Late Chunking In Long Context Embedding Models

Last Updated on November 8, 2024 by Editorial Team

Author(s): Barhoumi Mosbeh

Originally published on Towards AI.

In a previous article, we looked at contextual retrieval from Anthropic, which is their context enhancement technique for improving RAG systems. But there’s another technique called late chunking in long-context embedding models, which I think is a lot more interesting and can be significant.
Embeddings are one of the most critical components of any retrieval system but are often ignored or misused. When you are selecting an embedding model, you need to consider two very important parameters. One is the max tokens, which is basically the context window, and the second one is the embedding dimension, which is the output size of the embedding vector.
You have probably seen this huge max token size for some of the newest embedding models, but there is one major issue with these. In a standard RAG pipeline, irrespective of the size of the chunk, the output size of your embedding vector is going to remain the same. So, whether you are embedding five tokens or 5,000 tokens, the output is going to be exactly the same. That means these embedding models are going to be compressing a lot of information for long input chunks.
In most cases, you want to use smaller chunks, but that has its own problems. To understand that, let’s look at this example: here is a small paragraph regarding Tunisia:

If you use a sentence-level chunking strategy, essentially each sentence is going to become its own different chunk. You can see that if you embed these different chunks separately, you will lose the contextual information. For example, “the country” is referring to Tunisia, but if this chunk is in isolation, it’s going to lose that context.
The contextual retrieval approach tries to summarize the documents and add contextual information to each chunk, but there is a better approach, and that is late chunking.

Let’s first look at how “normal” chunking works.

Normal Chunking and Embedding Process

In the traditional chunking approach, the text is first divided into smaller chunks, and then each chunk is passed through a neural network, which is a Transformer model.
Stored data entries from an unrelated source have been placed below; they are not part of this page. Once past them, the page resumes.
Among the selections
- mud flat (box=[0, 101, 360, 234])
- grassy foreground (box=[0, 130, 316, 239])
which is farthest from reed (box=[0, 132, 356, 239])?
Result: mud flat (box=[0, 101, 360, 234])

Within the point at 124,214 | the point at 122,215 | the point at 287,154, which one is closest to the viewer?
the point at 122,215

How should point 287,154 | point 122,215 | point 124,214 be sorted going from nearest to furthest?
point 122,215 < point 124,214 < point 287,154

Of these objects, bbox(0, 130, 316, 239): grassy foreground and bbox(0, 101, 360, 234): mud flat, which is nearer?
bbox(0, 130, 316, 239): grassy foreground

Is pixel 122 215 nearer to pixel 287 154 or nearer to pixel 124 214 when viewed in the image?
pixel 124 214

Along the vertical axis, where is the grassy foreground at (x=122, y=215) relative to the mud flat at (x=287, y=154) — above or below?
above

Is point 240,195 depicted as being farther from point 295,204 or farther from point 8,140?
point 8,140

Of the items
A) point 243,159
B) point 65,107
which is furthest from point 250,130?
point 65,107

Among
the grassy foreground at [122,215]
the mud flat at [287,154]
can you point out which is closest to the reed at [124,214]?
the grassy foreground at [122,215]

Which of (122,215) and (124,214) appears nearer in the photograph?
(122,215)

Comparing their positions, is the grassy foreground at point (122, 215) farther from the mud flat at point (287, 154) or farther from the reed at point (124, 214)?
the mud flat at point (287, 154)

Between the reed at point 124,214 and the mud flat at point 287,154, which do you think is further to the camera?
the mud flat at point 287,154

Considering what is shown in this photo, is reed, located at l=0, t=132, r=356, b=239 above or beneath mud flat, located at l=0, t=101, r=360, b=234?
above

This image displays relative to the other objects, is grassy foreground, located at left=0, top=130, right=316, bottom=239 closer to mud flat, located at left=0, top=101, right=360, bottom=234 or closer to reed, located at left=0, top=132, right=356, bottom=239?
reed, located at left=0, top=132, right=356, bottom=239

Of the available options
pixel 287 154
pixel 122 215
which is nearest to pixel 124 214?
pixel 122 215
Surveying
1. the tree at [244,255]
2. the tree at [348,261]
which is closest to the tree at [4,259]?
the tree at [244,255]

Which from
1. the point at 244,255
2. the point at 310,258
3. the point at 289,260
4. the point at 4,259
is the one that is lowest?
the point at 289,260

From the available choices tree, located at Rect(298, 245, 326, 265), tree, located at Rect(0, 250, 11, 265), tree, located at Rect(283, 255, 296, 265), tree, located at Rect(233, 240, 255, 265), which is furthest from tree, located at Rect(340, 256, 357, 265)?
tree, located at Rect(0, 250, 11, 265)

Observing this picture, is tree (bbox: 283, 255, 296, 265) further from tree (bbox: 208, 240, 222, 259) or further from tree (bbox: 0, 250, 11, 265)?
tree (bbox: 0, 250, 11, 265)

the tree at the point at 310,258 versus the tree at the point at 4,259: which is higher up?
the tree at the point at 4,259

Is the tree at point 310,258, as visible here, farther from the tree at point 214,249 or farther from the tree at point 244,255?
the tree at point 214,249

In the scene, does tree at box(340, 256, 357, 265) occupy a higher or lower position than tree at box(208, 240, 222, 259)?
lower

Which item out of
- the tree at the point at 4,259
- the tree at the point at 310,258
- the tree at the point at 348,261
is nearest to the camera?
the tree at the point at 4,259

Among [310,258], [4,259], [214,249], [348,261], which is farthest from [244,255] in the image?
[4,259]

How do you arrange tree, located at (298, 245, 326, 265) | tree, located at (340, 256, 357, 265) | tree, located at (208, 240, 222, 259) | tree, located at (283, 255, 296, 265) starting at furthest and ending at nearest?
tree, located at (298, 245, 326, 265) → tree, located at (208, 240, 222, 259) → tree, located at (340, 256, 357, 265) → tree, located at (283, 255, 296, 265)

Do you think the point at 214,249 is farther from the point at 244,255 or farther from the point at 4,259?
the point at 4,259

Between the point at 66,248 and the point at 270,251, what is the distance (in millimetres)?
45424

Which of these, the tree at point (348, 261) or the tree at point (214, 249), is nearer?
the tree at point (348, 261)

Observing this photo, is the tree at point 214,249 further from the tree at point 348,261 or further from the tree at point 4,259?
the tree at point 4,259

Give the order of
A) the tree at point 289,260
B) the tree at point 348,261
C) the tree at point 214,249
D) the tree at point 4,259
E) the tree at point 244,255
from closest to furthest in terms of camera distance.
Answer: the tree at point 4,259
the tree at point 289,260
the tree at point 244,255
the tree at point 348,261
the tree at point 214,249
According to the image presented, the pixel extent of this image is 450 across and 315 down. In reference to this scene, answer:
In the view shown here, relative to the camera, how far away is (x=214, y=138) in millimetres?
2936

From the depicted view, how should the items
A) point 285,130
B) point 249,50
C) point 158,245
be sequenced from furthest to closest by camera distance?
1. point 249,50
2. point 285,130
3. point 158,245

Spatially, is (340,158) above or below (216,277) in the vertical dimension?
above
The output of this process is embeddings for each of the individual tokens within the chunks. The contextual information in these tokens is limited to the chunk that they belong to. After generating the token embeddings, mean pooling is performed to compute the final output. This preserves the contextual information, but it is only within the individual chunks and is independent of the other chunks in the same document.

Late Chunking Approach

The late chunking approach reverses this process. Instead of dividing the document into chunks and then computing the embeddings, the whole text of the document is first passed through a Transformer model. This generates an embedding representation for each token, and these tokens now contain contextual information not only limited to a single chunk, but encompassing the entire document. After this step, the chunking process is performed, where the original text is divided into chunks, and the corresponding tokens are used to compute the mean pooling, resulting in the final representation.
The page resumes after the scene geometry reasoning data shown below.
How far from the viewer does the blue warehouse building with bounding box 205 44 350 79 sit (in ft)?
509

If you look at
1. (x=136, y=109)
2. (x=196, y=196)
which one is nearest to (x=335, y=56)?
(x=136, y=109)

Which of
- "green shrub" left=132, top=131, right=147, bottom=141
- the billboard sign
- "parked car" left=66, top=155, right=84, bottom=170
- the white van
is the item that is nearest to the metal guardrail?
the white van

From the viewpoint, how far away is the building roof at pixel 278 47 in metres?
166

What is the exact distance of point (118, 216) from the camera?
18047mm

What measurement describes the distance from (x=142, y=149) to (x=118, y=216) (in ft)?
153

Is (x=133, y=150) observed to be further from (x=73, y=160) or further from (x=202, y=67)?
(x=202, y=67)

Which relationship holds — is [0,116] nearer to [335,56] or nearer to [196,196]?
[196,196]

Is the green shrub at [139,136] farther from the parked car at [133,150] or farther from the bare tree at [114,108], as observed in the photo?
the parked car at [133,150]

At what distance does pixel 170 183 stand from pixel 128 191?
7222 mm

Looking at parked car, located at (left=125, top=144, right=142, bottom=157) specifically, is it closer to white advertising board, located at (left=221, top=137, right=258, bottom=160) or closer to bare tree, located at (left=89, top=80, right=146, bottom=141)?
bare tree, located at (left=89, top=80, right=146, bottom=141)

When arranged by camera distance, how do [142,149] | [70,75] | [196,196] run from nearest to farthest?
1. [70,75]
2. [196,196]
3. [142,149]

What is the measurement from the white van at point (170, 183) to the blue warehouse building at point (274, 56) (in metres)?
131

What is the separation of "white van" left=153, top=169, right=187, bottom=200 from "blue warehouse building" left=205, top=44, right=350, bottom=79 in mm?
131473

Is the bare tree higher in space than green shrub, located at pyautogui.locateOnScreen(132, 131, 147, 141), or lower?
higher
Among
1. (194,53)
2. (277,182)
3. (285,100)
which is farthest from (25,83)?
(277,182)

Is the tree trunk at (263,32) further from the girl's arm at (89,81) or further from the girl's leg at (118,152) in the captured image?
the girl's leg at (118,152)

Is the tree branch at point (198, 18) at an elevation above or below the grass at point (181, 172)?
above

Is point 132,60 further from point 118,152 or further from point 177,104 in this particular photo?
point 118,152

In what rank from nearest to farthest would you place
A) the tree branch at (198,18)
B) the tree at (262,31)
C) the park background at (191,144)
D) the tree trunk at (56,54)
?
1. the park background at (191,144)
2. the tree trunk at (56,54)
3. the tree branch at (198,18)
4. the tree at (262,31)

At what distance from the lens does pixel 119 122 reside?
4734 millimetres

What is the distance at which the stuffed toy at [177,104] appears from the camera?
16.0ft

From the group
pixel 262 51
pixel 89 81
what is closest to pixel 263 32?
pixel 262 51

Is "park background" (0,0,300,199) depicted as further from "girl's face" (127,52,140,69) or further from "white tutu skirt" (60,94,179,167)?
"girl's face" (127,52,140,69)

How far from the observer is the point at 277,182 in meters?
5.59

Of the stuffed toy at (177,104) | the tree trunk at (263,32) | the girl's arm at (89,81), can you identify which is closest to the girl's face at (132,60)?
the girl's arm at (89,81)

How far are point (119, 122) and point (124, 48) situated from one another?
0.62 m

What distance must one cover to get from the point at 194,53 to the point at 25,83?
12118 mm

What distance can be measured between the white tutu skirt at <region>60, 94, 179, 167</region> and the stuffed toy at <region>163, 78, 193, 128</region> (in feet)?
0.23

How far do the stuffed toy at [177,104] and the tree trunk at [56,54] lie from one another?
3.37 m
Since the chunking process is done at a later stage, this approach is called “late chunking”.

The best approach for retrieval

The late chunking approach is directly related to another approach called late interaction, which is a COBERT-based approach, This is probably the best approach for retrieval, but it comes with a cost of storage needs. In this case, in the final step, you don’t do the pooling step, but you take individual token embeddings and store those token embeddings.
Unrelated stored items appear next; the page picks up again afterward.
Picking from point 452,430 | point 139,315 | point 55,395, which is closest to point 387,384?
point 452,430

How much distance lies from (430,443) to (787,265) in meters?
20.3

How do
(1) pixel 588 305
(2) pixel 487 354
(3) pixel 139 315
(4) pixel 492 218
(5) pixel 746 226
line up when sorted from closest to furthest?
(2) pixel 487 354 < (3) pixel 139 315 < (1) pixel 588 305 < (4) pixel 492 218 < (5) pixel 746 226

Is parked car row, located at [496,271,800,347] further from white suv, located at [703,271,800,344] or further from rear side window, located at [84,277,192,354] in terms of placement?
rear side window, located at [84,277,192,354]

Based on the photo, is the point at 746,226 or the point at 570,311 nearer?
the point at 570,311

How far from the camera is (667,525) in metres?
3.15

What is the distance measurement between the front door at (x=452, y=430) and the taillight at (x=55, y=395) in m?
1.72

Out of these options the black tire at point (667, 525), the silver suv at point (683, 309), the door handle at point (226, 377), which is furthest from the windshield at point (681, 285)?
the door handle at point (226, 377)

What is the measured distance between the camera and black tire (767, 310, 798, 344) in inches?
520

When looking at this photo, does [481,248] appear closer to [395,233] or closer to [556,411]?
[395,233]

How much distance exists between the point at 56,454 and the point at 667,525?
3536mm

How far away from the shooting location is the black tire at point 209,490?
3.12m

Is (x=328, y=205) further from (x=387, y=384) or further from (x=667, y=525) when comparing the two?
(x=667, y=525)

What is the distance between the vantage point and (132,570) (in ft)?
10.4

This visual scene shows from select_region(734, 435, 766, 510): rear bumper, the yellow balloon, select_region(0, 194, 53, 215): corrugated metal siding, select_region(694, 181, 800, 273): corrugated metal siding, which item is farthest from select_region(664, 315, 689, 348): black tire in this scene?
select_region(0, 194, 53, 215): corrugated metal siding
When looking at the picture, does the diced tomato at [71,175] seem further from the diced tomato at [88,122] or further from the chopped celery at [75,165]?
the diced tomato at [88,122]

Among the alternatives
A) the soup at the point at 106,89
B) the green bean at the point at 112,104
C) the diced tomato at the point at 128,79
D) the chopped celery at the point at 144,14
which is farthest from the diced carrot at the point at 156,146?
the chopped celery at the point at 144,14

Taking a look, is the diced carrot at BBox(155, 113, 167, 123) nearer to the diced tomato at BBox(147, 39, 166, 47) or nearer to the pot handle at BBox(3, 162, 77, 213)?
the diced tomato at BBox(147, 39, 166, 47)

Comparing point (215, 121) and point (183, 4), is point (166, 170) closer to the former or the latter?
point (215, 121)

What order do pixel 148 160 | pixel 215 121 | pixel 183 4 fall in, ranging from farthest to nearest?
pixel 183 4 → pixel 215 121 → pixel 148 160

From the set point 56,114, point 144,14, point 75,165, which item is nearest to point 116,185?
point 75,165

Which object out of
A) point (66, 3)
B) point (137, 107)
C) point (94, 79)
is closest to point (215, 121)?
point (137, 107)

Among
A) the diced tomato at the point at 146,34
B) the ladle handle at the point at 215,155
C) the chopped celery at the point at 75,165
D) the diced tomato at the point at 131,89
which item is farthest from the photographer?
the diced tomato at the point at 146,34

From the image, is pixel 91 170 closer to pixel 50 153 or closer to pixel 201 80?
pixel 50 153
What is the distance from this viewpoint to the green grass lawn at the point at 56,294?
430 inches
A blog post from the weaviate team shows that if you embed about 100,000 documents with the same number of embeddings, you will need about 1.6 million vectors for a naive chunking approach, which is about 5 GB. However, if you were to do the late interaction or COBERT-based multi-vector representation, you will need about 2.5 terabytes, which is pretty huge. The reason is that you’re storing these embeddings for each token individually.

The late chunking approach, on the other hand, gives you the best of both worlds. Not only does it preserve the context in your final chunking process, but it also gives you about the same storage needs as the naive chunking approach. This makes the late chunking approach a more efficient and practical solution compared to the late interaction or COBERT-based approaches, which require significantly more storage.

Results

Late chunking is introduced by Jina, and they have their own embedding models. According to the results presented in the table, the late chunking approach, when combined with other methods, demonstrates promising performance across various benchmarks.

The choice of embedding model plays a critical role, and the results presented here may require further validation from independent sources.

Practical Implementation Guide

The folks behind this new idea have put together a really simple notebook that walks through how you can implement this late chunking approach in your own applications and pipelines. Even though we’re not going to dive into the notebook itself, let me provide you an idea about the results.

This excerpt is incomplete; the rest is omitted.